Quantitative and Qualitative Assessment of Indoor Exploration Algorithms for Autonomous UAVs
Adil Farooq, Christos Laoudias, Panayiotis S. Kolios, Theocharis, Theocharides

TL;DR
This paper evaluates 2D LiDAR-based indoor exploration algorithms for autonomous UAVs, considering battery life and environment complexity, through extensive simulations to identify their strengths and limitations.
Contribution
It introduces a novel battery consumption model and provides a comprehensive simulation-based assessment of exploration strategies in diverse indoor scenarios.
Findings
Strategies vary significantly with environment complexity
Battery consumption critically impacts exploration endurance
Initial entry point influences exploration efficiency
Abstract
Indoor exploration is an important task in disaster relief, emergency response scenarios, and Search And Rescue (SAR) missions.
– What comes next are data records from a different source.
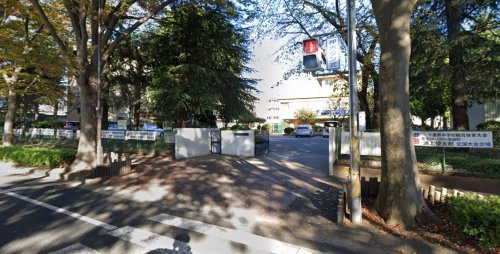 【中学校】松戸市立常盤平中学校まで686ｍ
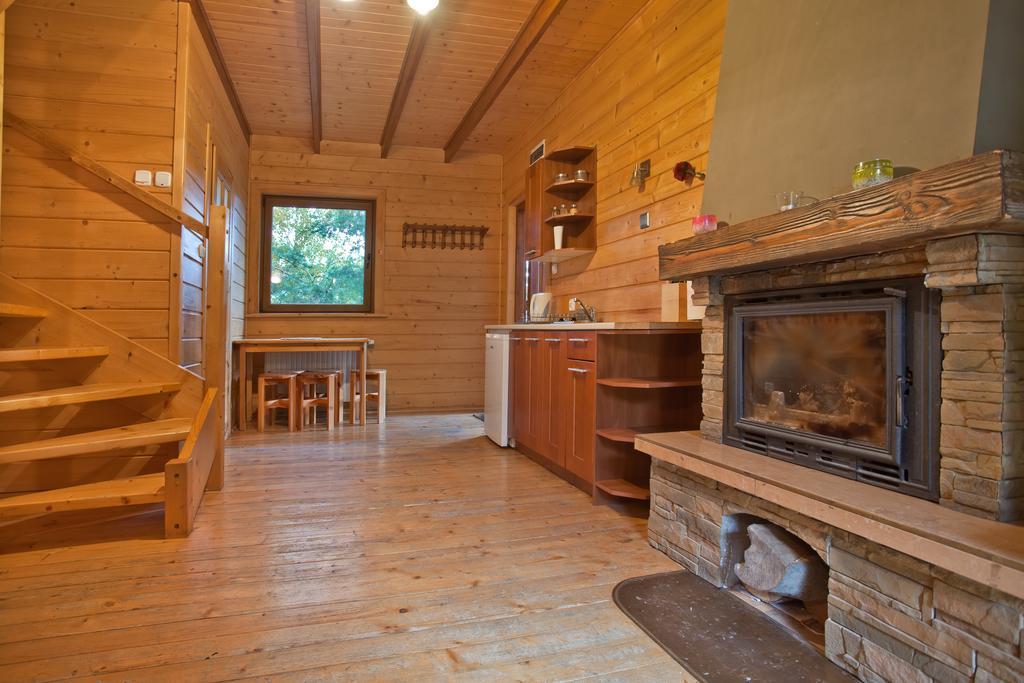 Domek Z Kominkiem W Krynicy Villa Krynica Zdroj Bagian luar foto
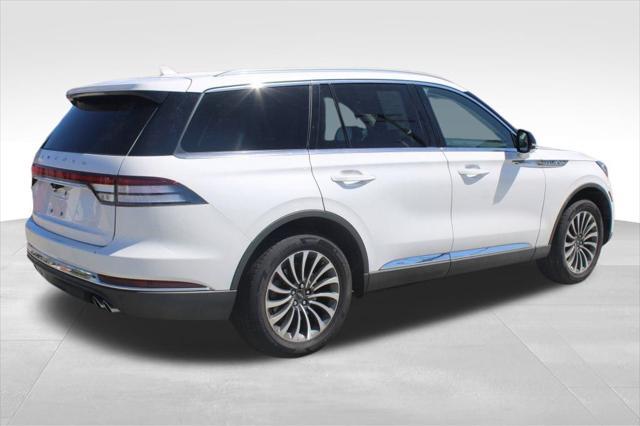 2021 lincoln aviator reserve awd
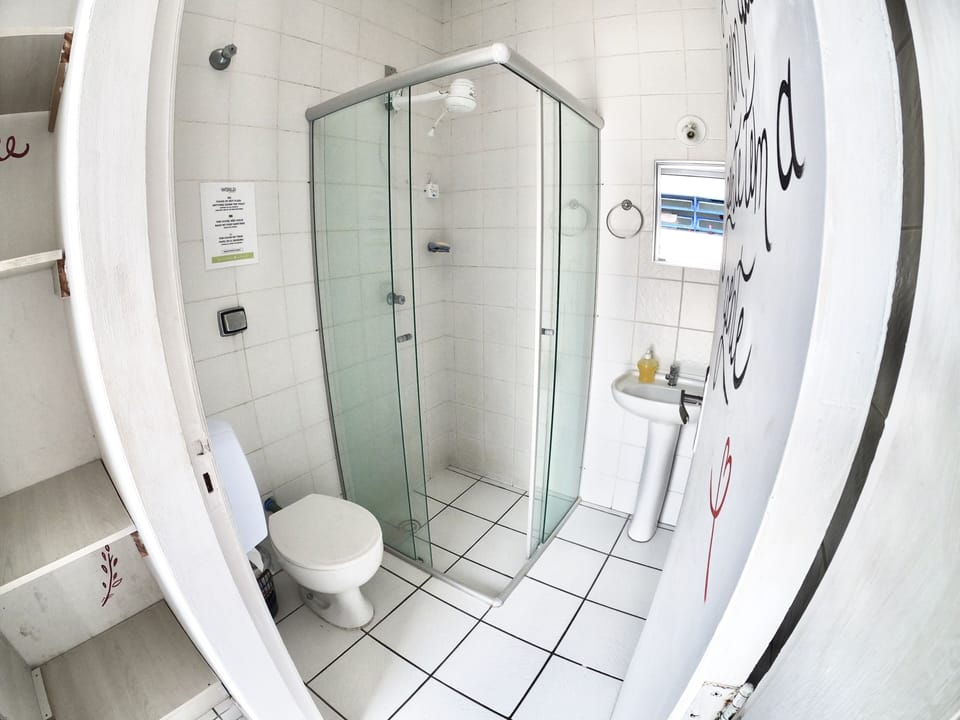 Basic Shared Dormitory, Women only, Private Bathroom | Bathroom | Shower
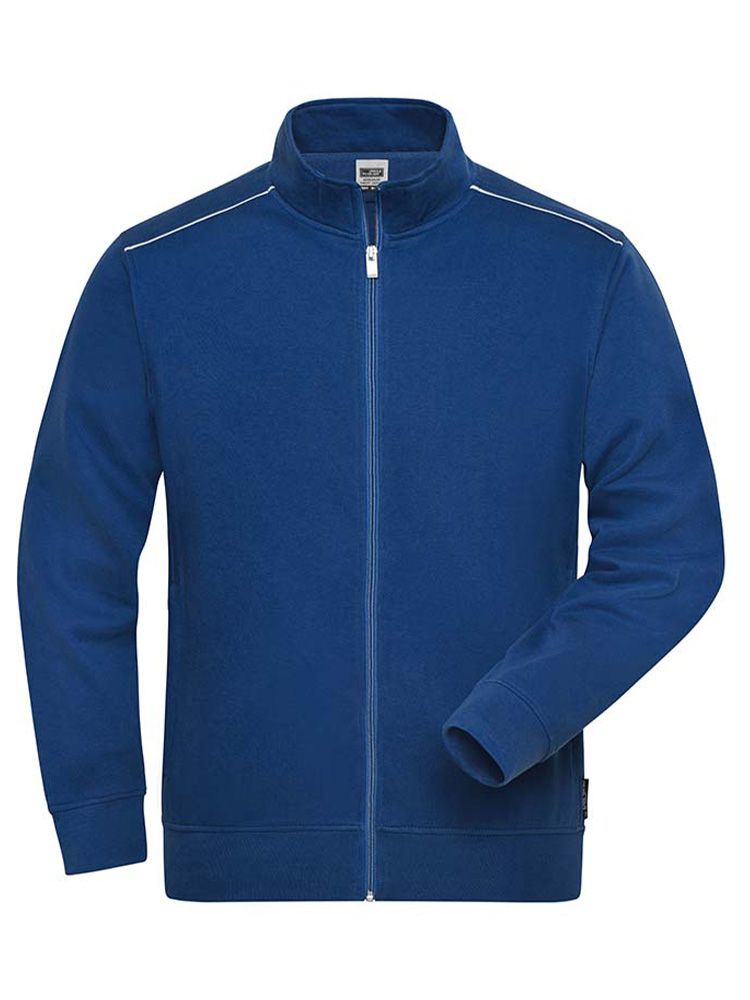 Sweatjacke Herren Blau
Unmanned Aerial Vehicle (UAV) systems can aid first responders by maneuvering autonomously in areas inside buildings dangerous for humans to traverse, exploring the interior, and providing an accurate and reliable indoor map before the emergency response team takes action. Due to the challenging conditions in such scenarios and the inherent battery limitations and time constraints, we investigate 2D autonomous exploration strategies (e.g., based on 2D LiDAR) for mapping 3D indoor environments. First, we introduce a battery consumption model to consider the battery life aspect for the first time as a critical factor for evaluating the flight endurance of exploration strategies. Second, we perform extensive simulation experiments in diverse indoor environments…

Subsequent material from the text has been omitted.